El roce de la mano de una mujer en su mejilla izquierda despertó a Hermes de su sueño. Al principio, pensó que era su difunta madre Diana. Al abrir los ojos, un dolor punzante en la cabeza paralizó sus movimientos. Lentamente, se incorporó y colocó la mano sobre la venda que cubría las heridas del golpe de bastón. Miró a su alrededor, a las estatuas helenísticas de Buda de Bactriana que había en la habitación, y entonces oyó la voz de Raffaella: "No sabía que eras un revolucionario clandestino en tus ratos libres...".
"¿Cuánto tiempo llevo aquí?" preguntó Hermes.

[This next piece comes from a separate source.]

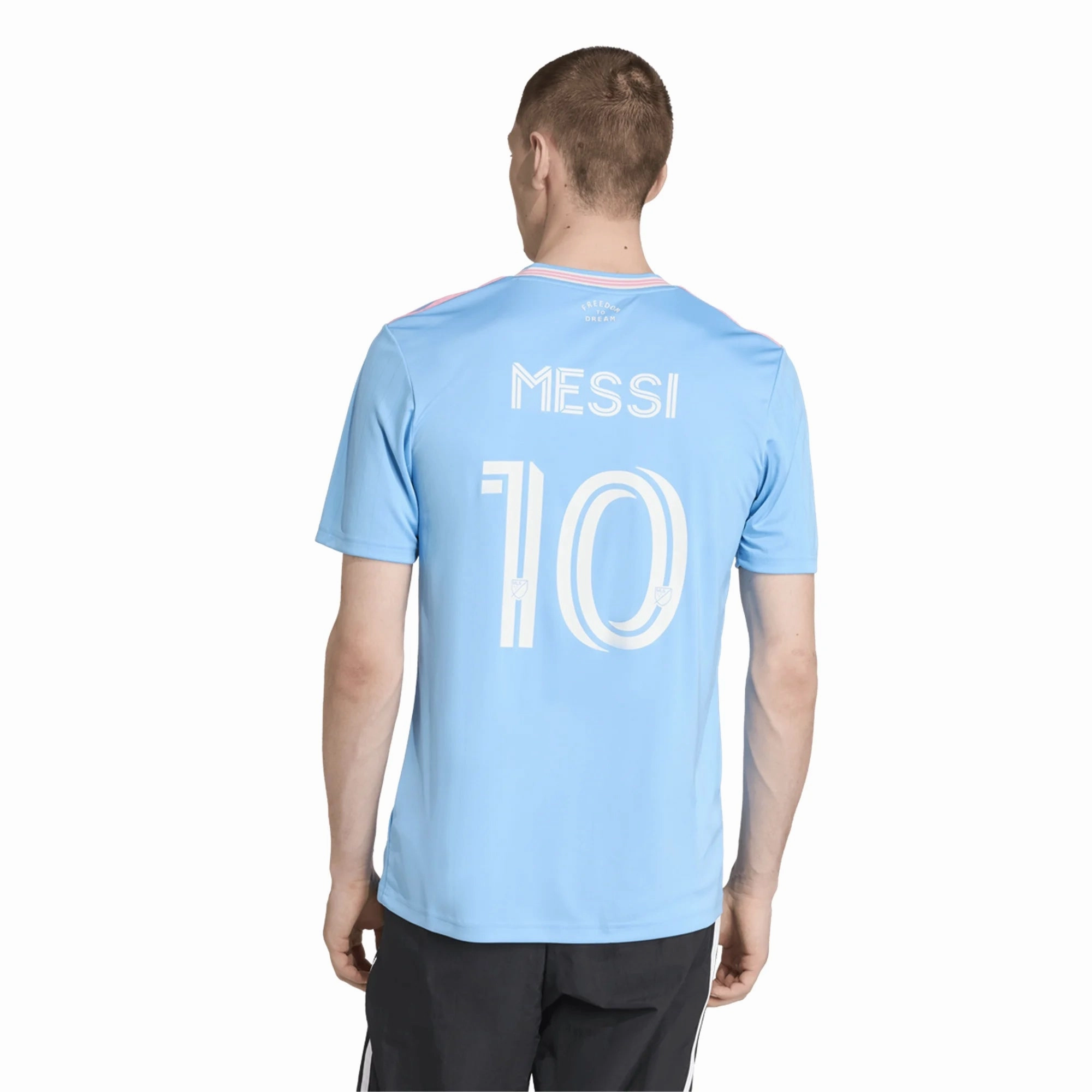 adidas Busquets Originals Inter Miami CF 25/26 Third Jersey (Blue) Flexible Drop Shoulder Cut Comfort Optimized Lining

"Sólo un par de días", dijo Raffaella, dándole un beso en la boca. "Te he echado de menos".
"¿Ah, sí?", dijo Hermes, fingiendo una coqueta incredulidad, al ver un ejemplar de una colección de la poesía de Cavafy traducida al árabe que Raffaella encontró en Beirut.
"Te he estado leyendo los poemas", dijo. "Aprendí que ayuda leerle a la gente cuando está inconsciente".
"Gracias, chérie", le dijo.
"Te he traído aquí desde el hospital. El médico vendrá a verte más tarde".
Hermes asintió en señal de gratitud.
"También llamó tu padre", dijo Raffaella. "Espero que no le importe, pero he contestado a su teléfono y he hablado con él".
"¿Qué ha dicho?"
"Dijo que te amaba".
"¿Eso es todo?"
"Eso es".
"¿Le dijiste que estaba en el hospital?"
"De alguna manera ya lo sabía".
Hermes asintió con la cabeza.
"¿Recuerdas lo que pasó en Syntagma el día 17?", dijo Raffaella.
"No, sólo una chica tiró una piedra".